Ministers announced they were removing the duty to appoint a Building Safety Manager, ensuring there is flexibility in the regime to enable Accountable Persons to set the most appropriate arrangements for their buildings and residents, and removing the unnecessary cost a BSM could impose on leaseholders in high-rise buildings. This is a major change to the proposals made by Dame Judith Hackitt.

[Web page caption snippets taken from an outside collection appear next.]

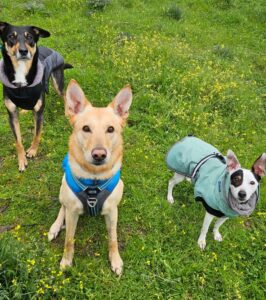 Perros participando en un grupo de socialización canina y terapia guiada en el césped de la Casa de Campo de Madrid.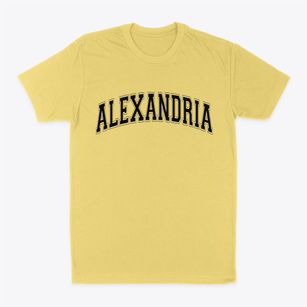 Alexandria Louisiana Varsity Classic Dad T-Shirt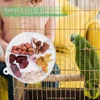 1pc Acrylic Interactive Parrot Toy Rotating Treat Dispenser for Pet Parrot Bird Cage Decoration Mental Stimulation Entertainment 4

Last night, Stephen Greenhalgh, Minister for Building Safety, Leasehold and Resilience & Emergencies at the Department for Levelling Up, Housing & Communities and Fire Minister for the Home Office, announced the news on Twitter:
The landmark Building Safety Bill has received Royal Assent.— Department for Levelling Up, Housing & Communities (@luhc) April 28, 2022
The new Act will 👇
☑️Protect leaseholders in law from building safety costs
☑️Make industry pay for defects
☑️Improve building standards through tough new regulations
Read more ➡️ https://t.co/0gkPbADYYx pic.twitter.com/JggRAcnTuI
Meanwhile, in a letter to CABE on the eve of the announcement, the Health and Safety Executive said the Building Safety Bill “paves the way for the HSE to build a more rigorous and robust regulatory regime for high-rise buildings in England”.
Industry should get ready now and play their part in making buildings safer, it warned.
“As designers, clients and contractors, you will need to collaborate to comply with building regulations and build good practice for managing information about the building – you will need to share this with each other so you can demonstrate how a building will remain safe when occupied.
“Industry needs to stop thinking that fire safety should only be dealt with at the building regulation stage – it starts at planning so that buildings are safe to build and safe to live in and use.”
Responding to the Act gaining Royal Assent, the Construction Industry Council gave three (muted) cheers.
“The Act represents a paradigm shift in the way in which residential buildings are to be designed, built, managed and regulated,” it said. “However, despite the scale of the Act and the vast number of amendments that have been made to it, there is still a great deal of detail to be determined through secondary legislation which CIC and its members stand ready to further assist government by providing expert opinion to enable government to get this detail right.
“One issue that needs to be addressed is that, despite the five years that have elapsed since Grenfell, the wider industry is still ill-prepared for the changes to come. In tandem with the transitional period of 18-24 months for the implementation of secondary legislation there needs to be a considerable communication exercise to create the necessary culture change in the industry and to absorb the new regulatory regime.”